Mullah Yaqoob, one of the deputy leaders of the Taliban since 2016 and the son of Taliban founder Mullah Omar, will act as caretaker Defence Minister. Abdul Salam Hanafi has been made the second deputy to Prime Minister Akhund. No non-Taliban figures were immediately announced- an indication that the outfit had not bowed down to domestic and international pressure to create an inclusive regime, NBC reported.During a press briefing, Taliban spokesperson Zabihullah Mujahid announced that Mullah Hassan, the chief of the Taliban’s powerful decision-making body ‘Rehbari Shura’ will head the country’s new “caretaker” government.

Mullah Mohammad Hasan Akhund – PM of Taliban Government

The lesser known Taliban leader who is on the UN terror list hails from Kandahar and was among the founders of the armed group. He worked for 20 years as head of Rehbari Shura and remained close to Taliban chief Hebatullah Akhundzada
He had served as foreign minister and deputy prime minister during the Taliban’s previous government in Afghanistan from 1996 to 2001
Mullah Baradar, who headed the Taliban’s political office in Doha, will serve as his deputy. The appointment came as a surprise as Baradar was being considered for the top post.

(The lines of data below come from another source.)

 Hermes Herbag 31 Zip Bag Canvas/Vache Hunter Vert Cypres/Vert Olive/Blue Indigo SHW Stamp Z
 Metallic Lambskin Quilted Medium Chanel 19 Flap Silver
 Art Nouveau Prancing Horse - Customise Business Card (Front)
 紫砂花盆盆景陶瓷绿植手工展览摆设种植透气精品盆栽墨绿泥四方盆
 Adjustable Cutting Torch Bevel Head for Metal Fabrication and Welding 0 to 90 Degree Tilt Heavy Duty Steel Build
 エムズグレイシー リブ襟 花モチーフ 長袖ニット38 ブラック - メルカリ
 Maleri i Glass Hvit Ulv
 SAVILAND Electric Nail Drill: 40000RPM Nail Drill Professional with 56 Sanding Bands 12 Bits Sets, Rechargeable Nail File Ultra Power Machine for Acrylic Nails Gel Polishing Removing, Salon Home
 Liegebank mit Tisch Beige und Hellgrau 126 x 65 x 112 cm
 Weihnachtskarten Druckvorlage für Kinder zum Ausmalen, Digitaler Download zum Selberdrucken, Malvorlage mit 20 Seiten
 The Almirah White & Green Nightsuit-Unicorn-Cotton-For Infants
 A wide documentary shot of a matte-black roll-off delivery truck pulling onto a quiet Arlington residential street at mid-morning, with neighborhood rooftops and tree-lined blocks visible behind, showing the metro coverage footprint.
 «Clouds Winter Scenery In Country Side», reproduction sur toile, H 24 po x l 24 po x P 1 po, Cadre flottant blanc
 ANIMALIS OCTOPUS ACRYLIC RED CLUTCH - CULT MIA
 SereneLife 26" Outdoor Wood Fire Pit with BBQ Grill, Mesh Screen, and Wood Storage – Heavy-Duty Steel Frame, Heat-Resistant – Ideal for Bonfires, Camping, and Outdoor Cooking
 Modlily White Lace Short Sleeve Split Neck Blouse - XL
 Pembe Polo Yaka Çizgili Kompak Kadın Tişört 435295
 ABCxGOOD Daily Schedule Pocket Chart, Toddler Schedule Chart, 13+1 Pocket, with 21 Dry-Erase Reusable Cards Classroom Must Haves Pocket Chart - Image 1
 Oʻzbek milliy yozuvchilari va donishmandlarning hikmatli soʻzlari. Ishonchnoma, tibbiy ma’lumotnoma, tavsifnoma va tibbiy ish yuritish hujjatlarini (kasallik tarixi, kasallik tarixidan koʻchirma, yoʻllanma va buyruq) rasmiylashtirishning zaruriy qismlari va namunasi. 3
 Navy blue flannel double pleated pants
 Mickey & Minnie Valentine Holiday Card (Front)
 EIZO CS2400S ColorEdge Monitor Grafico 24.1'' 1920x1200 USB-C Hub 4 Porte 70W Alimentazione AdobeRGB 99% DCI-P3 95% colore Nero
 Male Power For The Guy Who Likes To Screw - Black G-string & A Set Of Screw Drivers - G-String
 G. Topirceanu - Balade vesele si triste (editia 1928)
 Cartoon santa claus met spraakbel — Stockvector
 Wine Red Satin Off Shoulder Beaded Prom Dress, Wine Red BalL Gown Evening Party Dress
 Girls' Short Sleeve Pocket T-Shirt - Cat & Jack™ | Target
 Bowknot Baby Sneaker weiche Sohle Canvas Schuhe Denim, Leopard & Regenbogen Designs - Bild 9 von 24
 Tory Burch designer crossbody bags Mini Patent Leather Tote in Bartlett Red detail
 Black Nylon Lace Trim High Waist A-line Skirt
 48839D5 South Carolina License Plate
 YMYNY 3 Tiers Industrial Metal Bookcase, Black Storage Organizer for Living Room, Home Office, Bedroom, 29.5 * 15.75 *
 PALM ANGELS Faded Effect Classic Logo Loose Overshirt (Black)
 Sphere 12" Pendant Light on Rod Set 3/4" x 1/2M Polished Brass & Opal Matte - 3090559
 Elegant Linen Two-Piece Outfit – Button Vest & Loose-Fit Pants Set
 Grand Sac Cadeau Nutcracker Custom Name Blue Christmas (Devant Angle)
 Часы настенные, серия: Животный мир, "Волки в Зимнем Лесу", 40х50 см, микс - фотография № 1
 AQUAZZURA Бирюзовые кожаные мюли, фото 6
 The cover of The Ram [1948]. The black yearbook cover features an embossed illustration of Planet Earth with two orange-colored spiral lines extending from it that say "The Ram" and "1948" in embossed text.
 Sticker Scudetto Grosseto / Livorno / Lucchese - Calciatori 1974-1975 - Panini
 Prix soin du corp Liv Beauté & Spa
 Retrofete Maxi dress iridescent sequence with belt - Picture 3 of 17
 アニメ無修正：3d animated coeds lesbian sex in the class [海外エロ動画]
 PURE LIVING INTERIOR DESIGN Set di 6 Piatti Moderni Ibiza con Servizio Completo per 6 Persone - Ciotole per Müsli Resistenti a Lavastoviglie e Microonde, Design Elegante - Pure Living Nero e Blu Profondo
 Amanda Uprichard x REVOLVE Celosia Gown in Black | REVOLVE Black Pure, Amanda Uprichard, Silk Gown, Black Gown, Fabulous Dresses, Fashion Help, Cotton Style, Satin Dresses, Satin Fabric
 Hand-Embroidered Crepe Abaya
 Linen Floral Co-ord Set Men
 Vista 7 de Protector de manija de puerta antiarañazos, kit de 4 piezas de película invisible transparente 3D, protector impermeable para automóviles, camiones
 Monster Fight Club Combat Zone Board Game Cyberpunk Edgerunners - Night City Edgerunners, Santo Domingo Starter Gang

Baradar has been the Taliban’s most visible face in recent years as the group’s chief, Haibatullah Akhunzada, largely stays out of the public view.
The Taliban co-founder represented the group in negotiations with the United States in the Qatari capital, Doha, signing an agreement with them on February 29, 2020.
Amir Khan Muttaqi, in turn, has been given the post of acting foreign minister in the new Afghan Cabinet.
Sirajuddin Haqqani, the leader of Haqqani network, has been named as interior minister, chief spokesman Zabihullah Mujahid said at a press conference on Tuesday. The network is a US-designated terror group aligned with the Taliban and al Qaeda. Haqqani has a USD 5 million US bounty on his head.
He is suspected of organising a series of bombings in Kabul in 2008 and plotting the assassination of then-Afghan President Hamid Karzai.
The announcement of key figures in the caretaker government comes weeks after the Taliban seized control of Afghanistan.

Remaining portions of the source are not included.